Work required —
This task calls for every entry below to be repeated exactly.

────────

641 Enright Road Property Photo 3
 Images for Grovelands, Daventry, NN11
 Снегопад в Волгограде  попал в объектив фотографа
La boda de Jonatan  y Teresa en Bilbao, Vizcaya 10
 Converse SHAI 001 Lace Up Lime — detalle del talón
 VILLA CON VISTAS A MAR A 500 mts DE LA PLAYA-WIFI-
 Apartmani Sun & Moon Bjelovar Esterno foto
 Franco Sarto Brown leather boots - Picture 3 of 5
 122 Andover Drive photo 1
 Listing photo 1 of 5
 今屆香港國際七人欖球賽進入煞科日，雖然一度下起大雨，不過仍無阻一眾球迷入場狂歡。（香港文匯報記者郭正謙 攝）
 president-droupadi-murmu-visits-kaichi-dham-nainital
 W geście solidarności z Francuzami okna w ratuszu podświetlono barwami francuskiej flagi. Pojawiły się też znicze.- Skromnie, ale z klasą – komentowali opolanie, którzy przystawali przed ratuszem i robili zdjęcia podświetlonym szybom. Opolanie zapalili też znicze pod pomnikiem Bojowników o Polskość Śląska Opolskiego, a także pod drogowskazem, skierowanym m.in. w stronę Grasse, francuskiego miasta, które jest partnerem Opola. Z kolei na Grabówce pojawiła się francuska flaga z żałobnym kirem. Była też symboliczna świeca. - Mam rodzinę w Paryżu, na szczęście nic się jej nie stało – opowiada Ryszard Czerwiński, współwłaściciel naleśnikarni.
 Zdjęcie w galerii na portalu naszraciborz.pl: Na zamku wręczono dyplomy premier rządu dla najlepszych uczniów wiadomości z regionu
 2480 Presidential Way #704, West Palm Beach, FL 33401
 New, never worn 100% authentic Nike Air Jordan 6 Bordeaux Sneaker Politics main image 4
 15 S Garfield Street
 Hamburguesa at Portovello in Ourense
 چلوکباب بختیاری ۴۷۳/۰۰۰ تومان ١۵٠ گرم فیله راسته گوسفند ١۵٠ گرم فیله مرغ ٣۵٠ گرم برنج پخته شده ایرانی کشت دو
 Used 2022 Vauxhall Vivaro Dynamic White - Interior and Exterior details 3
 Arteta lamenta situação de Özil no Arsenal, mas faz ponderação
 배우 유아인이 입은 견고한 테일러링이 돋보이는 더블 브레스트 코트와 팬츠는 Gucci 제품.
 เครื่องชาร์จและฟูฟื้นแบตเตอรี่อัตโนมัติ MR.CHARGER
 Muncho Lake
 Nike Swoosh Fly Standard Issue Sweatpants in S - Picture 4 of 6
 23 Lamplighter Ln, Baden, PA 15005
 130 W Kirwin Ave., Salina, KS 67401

────────

Solution for this problem —
641 Enright Road Property Photo 3
 Images for Grovelands, Daventry, NN11
 Снегопад в Волгограде  попал в объектив фотографа
La boda de Jonatan  y Teresa en Bilbao, Vizcaya 10
 Converse SHAI 001 Lace Up Lime — detalle del talón
 VILLA CON VISTAS A MAR A 500 mts DE LA PLAYA-WIFI-
 Apartmani Sun & Moon Bjelovar Esterno foto
 Franco Sarto Brown leather boots - Picture 3 of 5
 122 Andover Drive photo 1
 Listing photo 1 of 5
 今屆香港國際七人欖球賽進入煞科日，雖然一度下起大雨，不過仍無阻一眾球迷入場狂歡。（香港文匯報記者郭正謙 攝）
 president-droupadi-murmu-visits-kaichi-dham-nainital
 W geście solidarności z Francuzami okna w ratuszu podświetlono barwami francuskiej flagi. Pojawiły się też znicze.- Skromnie, ale z klasą – komentowali opolanie, którzy przystawali przed ratuszem i robili zdjęcia podświetlonym szybom. Opolanie zapalili też znicze pod pomnikiem Bojowników o Polskość Śląska Opolskiego, a także pod drogowskazem, skierowanym m.in. w stronę Grasse, francuskiego miasta, które jest partnerem Opola. Z kolei na Grabówce pojawiła się francuska flaga z żałobnym kirem. Była też symboliczna świeca. - Mam rodzinę w Paryżu, na szczęście nic się jej nie stało – opowiada Ryszard Czerwiński, współwłaściciel naleśnikarni.
 Zdjęcie w galerii na portalu naszraciborz.pl: Na zamku wręczono dyplomy premier rządu dla najlepszych uczniów wiadomości z regionu
 2480 Presidential Way #704, West Palm Beach, FL 33401
 New, never worn 100% authentic Nike Air Jordan 6 Bordeaux Sneaker Politics main image 4
 15 S Garfield Street
 Hamburguesa at Portovello in Ourense
 چلوکباب بختیاری ۴۷۳/۰۰۰ تومان ١۵٠ گرم فیله راسته گوسفند ١۵٠ گرم فیله مرغ ٣۵٠ گرم برنج پخته شده ایرانی کشت دو
 Used 2022 Vauxhall Vivaro Dynamic White - Interior and Exterior details 3
 Arteta lamenta situação de Özil no Arsenal, mas faz ponderação
 배우 유아인이 입은 견고한 테일러링이 돋보이는 더블 브레스트 코트와 팬츠는 Gucci 제품.
 เครื่องชาร์จและฟูฟื้นแบตเตอรี่อัตโนมัติ MR.CHARGER
 Muncho Lake
 Nike Swoosh Fly Standard Issue Sweatpants in S - Picture 4 of 6
 23 Lamplighter Ln, Baden, PA 15005
 130 W Kirwin Ave., Salina, KS 67401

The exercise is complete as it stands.